Terkait dengan metodologi Ahlussunnah Wal-Jama'ah yang menggabungkan antara naql dengan akal tersebut, para ulama memberikan perumpamaan begini. Akal diumpamakan dengan mata yang dapat melihat. Sedangkan dalil-dalil syara' atau naql diumpamakan dengan Matahari yang dapat menerangi. Orang yang hanya menggunakan akal tanpa menggunakan dalil-dalil syara' seperti halnya orang yang keluar pada waktu malam hari yang gelap gulita. Ia membuka matanya untuk melihat apa yang ada di sekelilingnya, antara benda yang berwarna putih, hitam, hijau dan lain-lain. Ia berusaha untuk melihat semuanya. Tetapi selamanya ia tidak akan dapat melihatnya, tanpa ada Matahari yang dapat meneranginya, meskipun ia memiliki mata yang mampu melihat. Sedangkan orang yang menggunakan dalil-dalil syara' tanpa menggunakan akal, seperti halnya orang yang keluar di siang hari dengan suasana terang benderang, tetapi dia tuna netra, atau memejamkan matanya.

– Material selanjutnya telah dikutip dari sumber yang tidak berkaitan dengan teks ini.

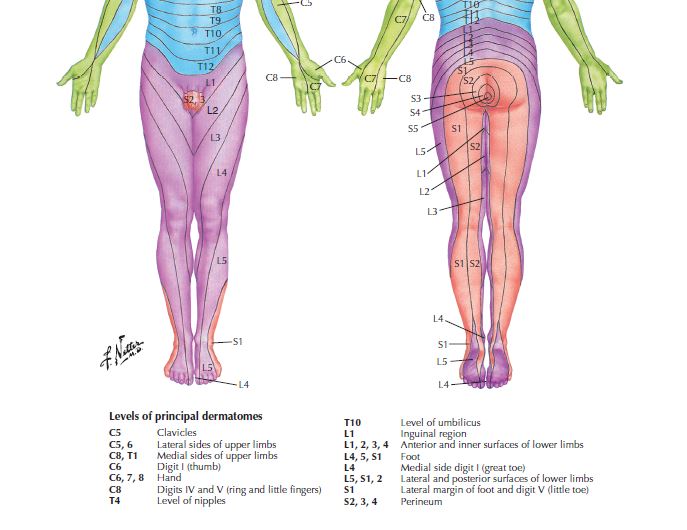 Lower body dermatomal map from injured nerve roots.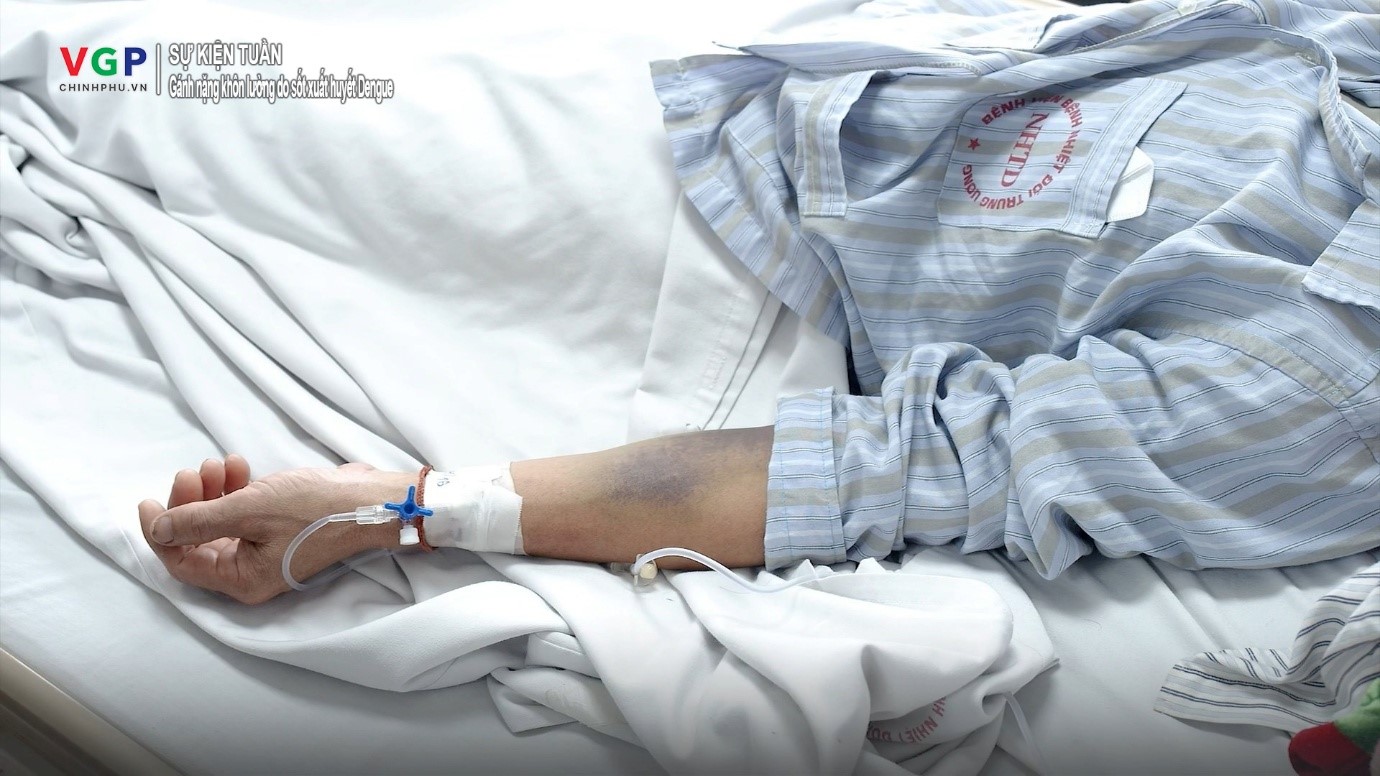 Hiểm họa sốt xuất huyết Dengue: Khi gánh nặng vượt qua những con số- Ảnh 1.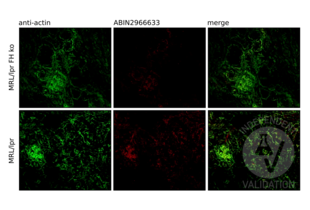 Immunofluorescence validation image for anti-Four and A Half LIM Domains 1 (FHL1) antibody (ABIN2966633) (FHL1 抗体)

Tentu saja ia tidak akan dapat melihat mana benda yang berwarna putih, hijau, merah dan lain-lainnya.[2] (Hazz al-Ghalashim fi Ifham al-Mukhashim,hlm. 94.)Ahlussunnah Wal-Jama'ah laksana orang yang dapat melihat dan keluar di siang hari yang terang benderang, sehingga semuanya tampak kelihatan dengan nyata, dan akan selamat dalam berjalan mencapai tujuan.